- Genre: Interactive reality game show
- Presented by: Markoolio Tobbe Blom
- Starring: Bert Karlsson Charlotte Perrelli Johan Pråmell
- Country of origin: Sweden
- Original language: Swedish
- No. of episodes: 11

Production
- Running time: 90 minutes

Original release
- Network: TV4
- Release: 3 April – 12 June 2009

Related
- Talang 2008; Talang 2010;

= Talang 2009 =

Talang 2009 was the third season of the talent show Talang, the Swedish version of Got Talent.
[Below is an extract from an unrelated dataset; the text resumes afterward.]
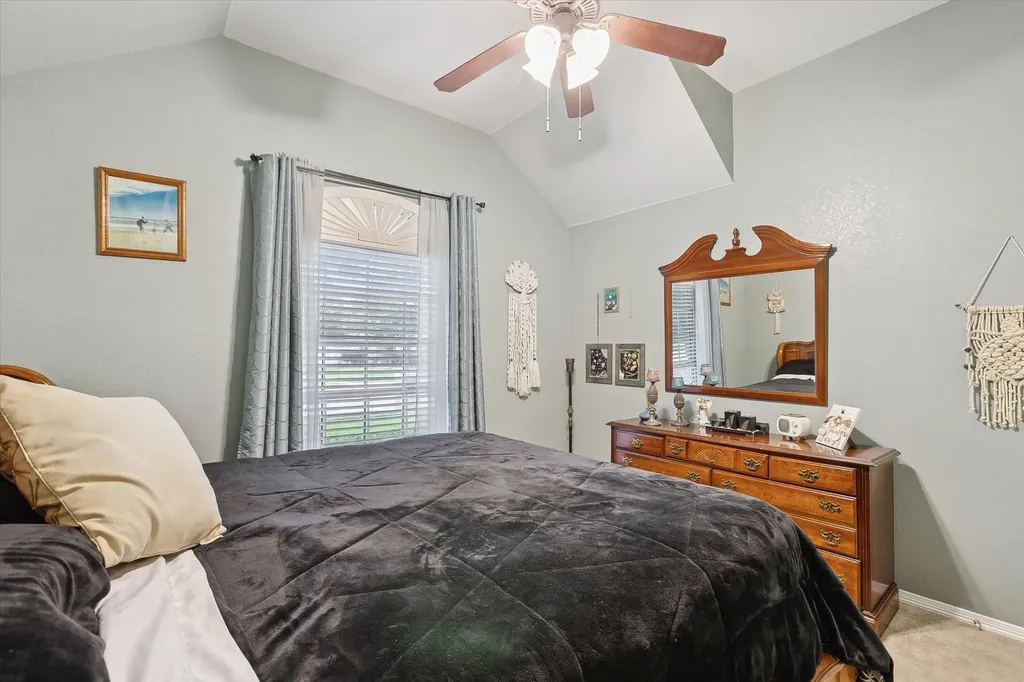 568 Willowview Drive Saginaw TX 76179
Talang 2009 had its premiere on April 3, 2009. The winner of the show was 30-year-old magician Charlie Caper, and 12-year-old piano player David Movsesian came runner-up. This season was hosted by Markoolio and Tobbe Blom, and the judges were: Bert Karlsson, Charlotte Perrelli and Johan Pråmell.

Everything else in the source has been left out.